Roast spice bag chicken, butternut squash, baby spinach and cashew nuts


Serves 4

1 chicken, around 1. 7kg, free range if possible
1 lemon
2 cloves of garlic, halved
100mls olive oil
1 heaped tsp spicebag spice
1 large butternut squash, peeled, deseeded and cut into 6cm chunks
200g (1 bag) baby spinach, washed
70g cashew nuts
Salt and pepper
200mls natural yoghurt
2 spring onions, finely chopped


1 Preheat your oven to 180 degrees Celsius, or equivalent.

2 Put the chicken onto a large roasting tin and stuff it with half a lemon and the garlic.

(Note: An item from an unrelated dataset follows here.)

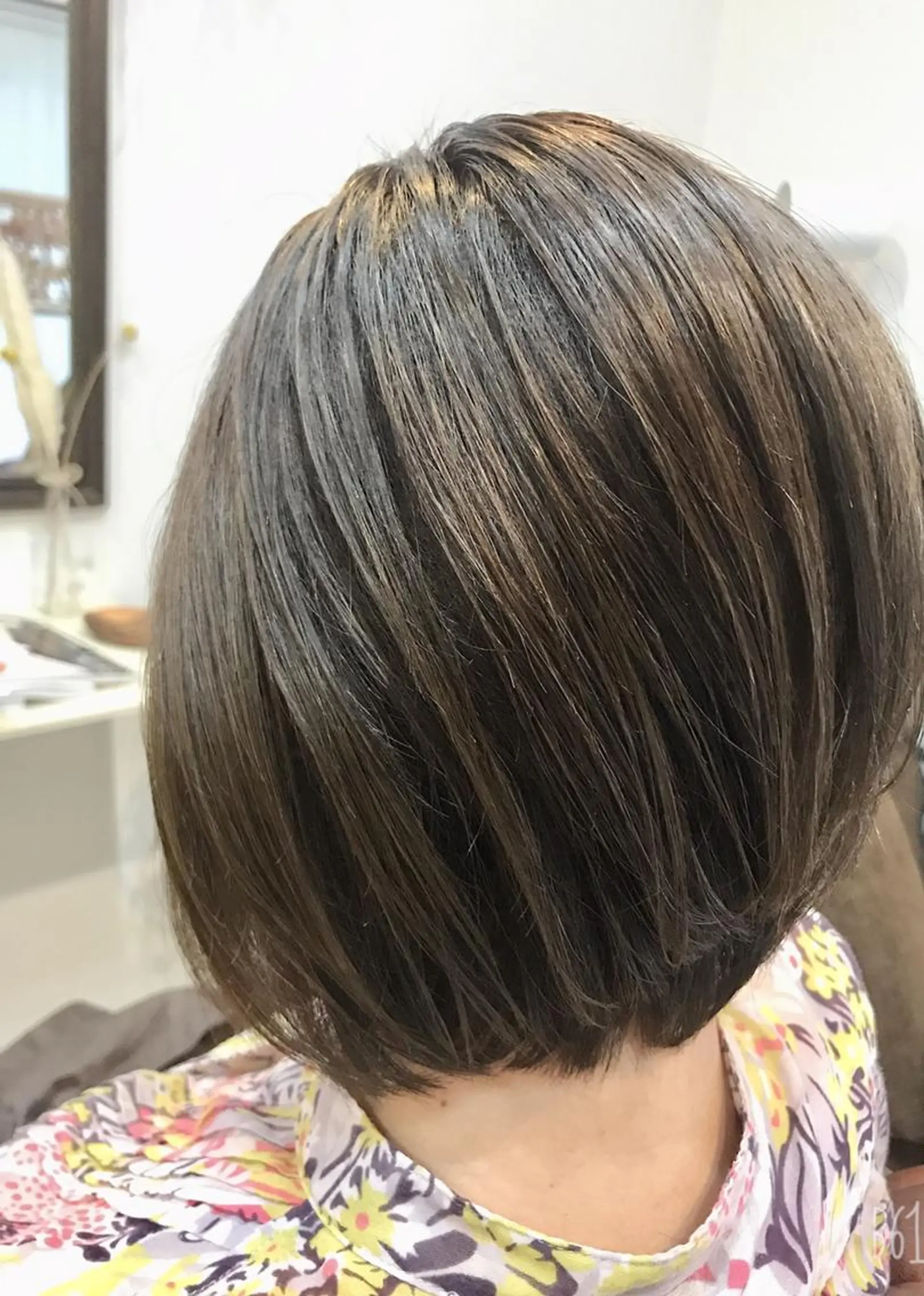 ショート カラー hair works raptureのヘアスタイル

3 Drizzle the olive oil over the chicken, followed by an even sprinkling of the spicebag mix. Massage it into the chicken making sure you get it into all the nooks and crannies.

4 Roast the chicken in the oven for 30 minutes, then add the butternut squash chunks to the tray, making sure you turn them in all the lovely juices. Cook for another 50 minutes, turning the vegetables once or twice more.

5 Meanwhile, mix the chopped spring onions with the yoghurt and set aside.

6 When the chicken is cooked, drain all the juices on to the roasting tray and transfer the chicken on to a board and cover it with foil for 15 minutes.

7 Add the spinach and the cashew nuts to the roasting juices, put the tray over a low heat and wilt the spinach for two minutes.

8 Season this with salt and pepper and add the juice of the other half of the lemon.

9 Carve the chicken, divide everything on to warm plates and serve with the spring onion yoghurt.

Cucumber, orange and black mustard seed raita


Serves four

250mls natural yoghurt
Half a cucumber, peeled and finely diced
Zest of half an orange
½tsp black mustard seeds, optional


1 Toast the mustard seeds in a dry pan for two minutes over a medium heat until they start to pop.

2 Allow the mustard seeds to cool, then fold the cucumber, mustard seeds and orange into the yoghurt and set aside until needed.